*EXERCISE DETAILS:* From the line with "Burberry Tb Monogram Circle Ring - Metallic" to the line with "大杨131尼龙PU手套 12双 白色 M中码 防滑耐磨涂层涂胶工地车间工作劳保手套 定制", retype every line exactly, including those two, and leave out the rest of the data below.
SOURCE MATERIAL section start
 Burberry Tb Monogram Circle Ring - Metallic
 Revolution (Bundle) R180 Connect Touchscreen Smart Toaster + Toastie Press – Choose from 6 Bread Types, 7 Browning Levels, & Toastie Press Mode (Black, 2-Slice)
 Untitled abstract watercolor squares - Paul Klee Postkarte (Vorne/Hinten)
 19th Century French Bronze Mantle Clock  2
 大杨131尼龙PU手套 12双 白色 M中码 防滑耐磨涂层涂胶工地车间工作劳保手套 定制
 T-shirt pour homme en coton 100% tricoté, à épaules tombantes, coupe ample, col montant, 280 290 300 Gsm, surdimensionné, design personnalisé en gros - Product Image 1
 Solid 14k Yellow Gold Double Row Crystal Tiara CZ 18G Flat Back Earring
SOURCE MATERIAL section end
SOURCE MATERIAL section start
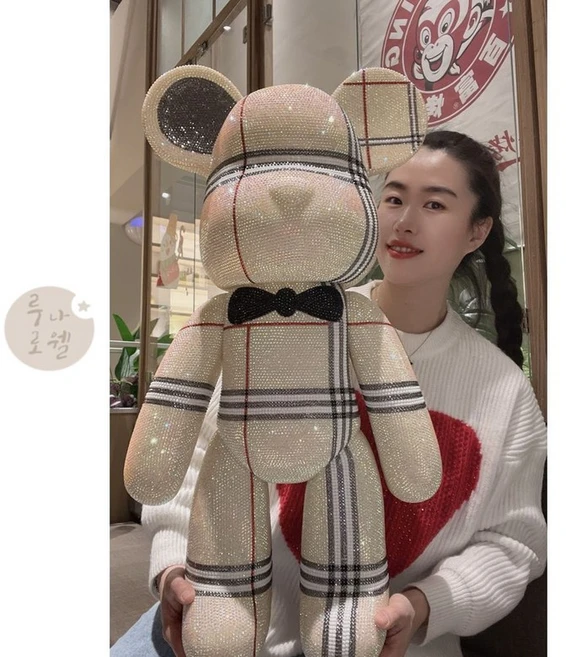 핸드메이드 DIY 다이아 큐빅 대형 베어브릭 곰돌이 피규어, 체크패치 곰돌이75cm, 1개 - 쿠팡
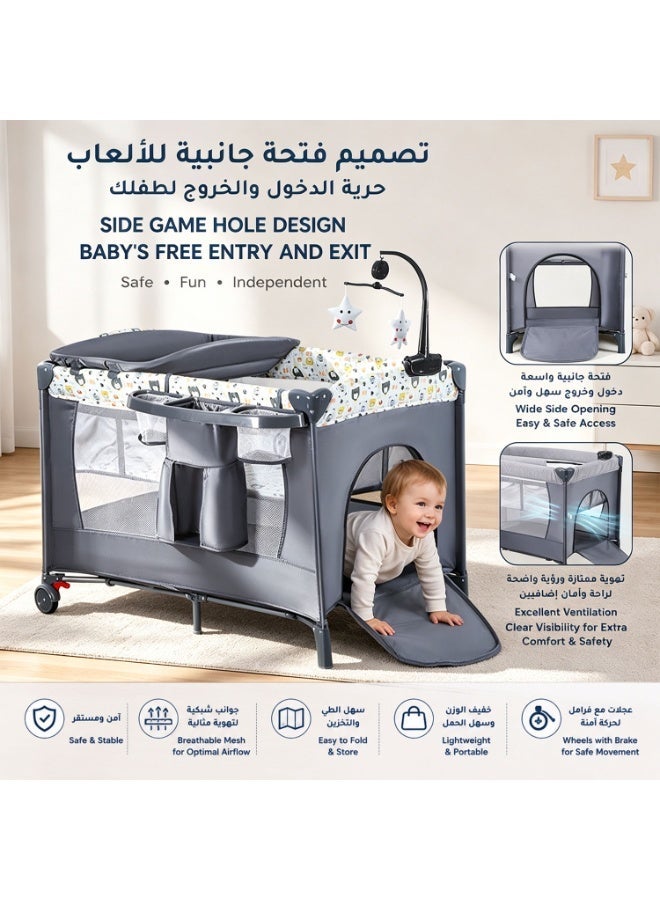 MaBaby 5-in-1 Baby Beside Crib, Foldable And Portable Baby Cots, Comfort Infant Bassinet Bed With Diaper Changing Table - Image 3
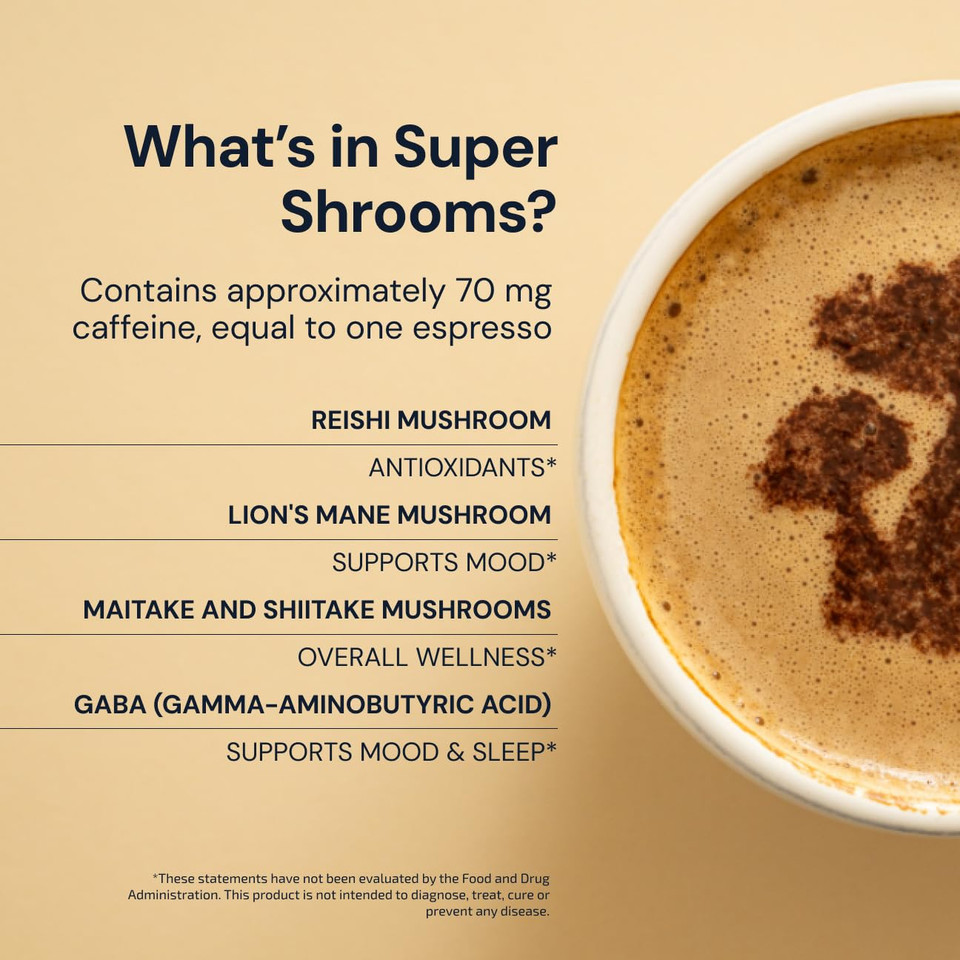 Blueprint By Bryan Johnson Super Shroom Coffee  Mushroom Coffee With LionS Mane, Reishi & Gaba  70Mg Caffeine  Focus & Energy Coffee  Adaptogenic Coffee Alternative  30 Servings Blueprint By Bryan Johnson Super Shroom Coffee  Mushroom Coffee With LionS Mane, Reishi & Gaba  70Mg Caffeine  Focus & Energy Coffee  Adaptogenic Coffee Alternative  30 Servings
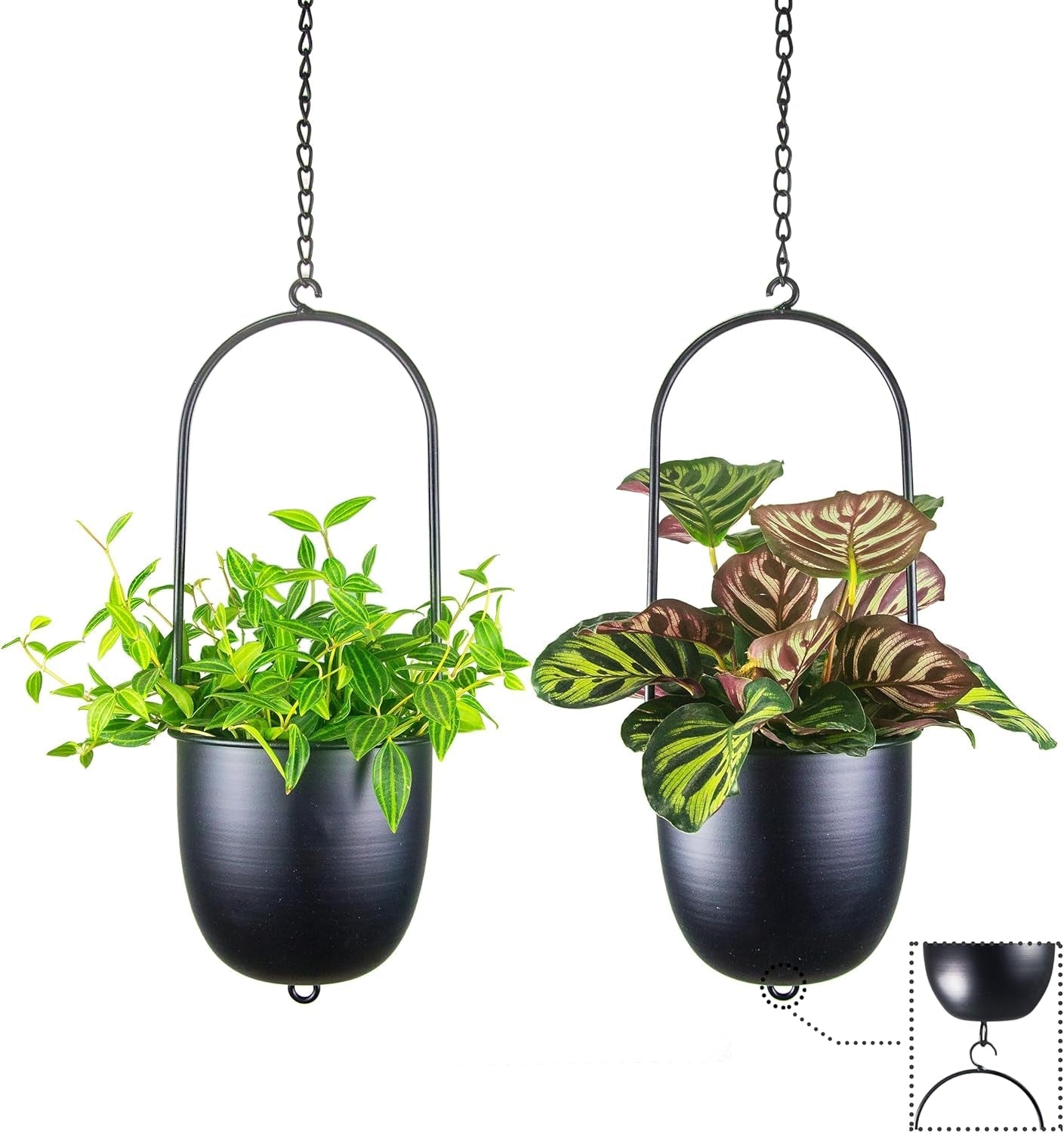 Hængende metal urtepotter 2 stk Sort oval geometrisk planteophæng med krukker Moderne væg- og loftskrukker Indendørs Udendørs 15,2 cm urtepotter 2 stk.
SOURCE MATERIAL section end
*SOLUTION FOR THIS EXERCISE:*
 Burberry Tb Monogram Circle Ring - Metallic
 Revolution (Bundle) R180 Connect Touchscreen Smart Toaster + Toastie Press – Choose from 6 Bread Types, 7 Browning Levels, & Toastie Press Mode (Black, 2-Slice)
 Untitled abstract watercolor squares - Paul Klee Postkarte (Vorne/Hinten)
 19th Century French Bronze Mantle Clock  2
 大杨131尼龙PU手套 12双 白色 M中码 防滑耐磨涂层涂胶工地车间工作劳保手套 定制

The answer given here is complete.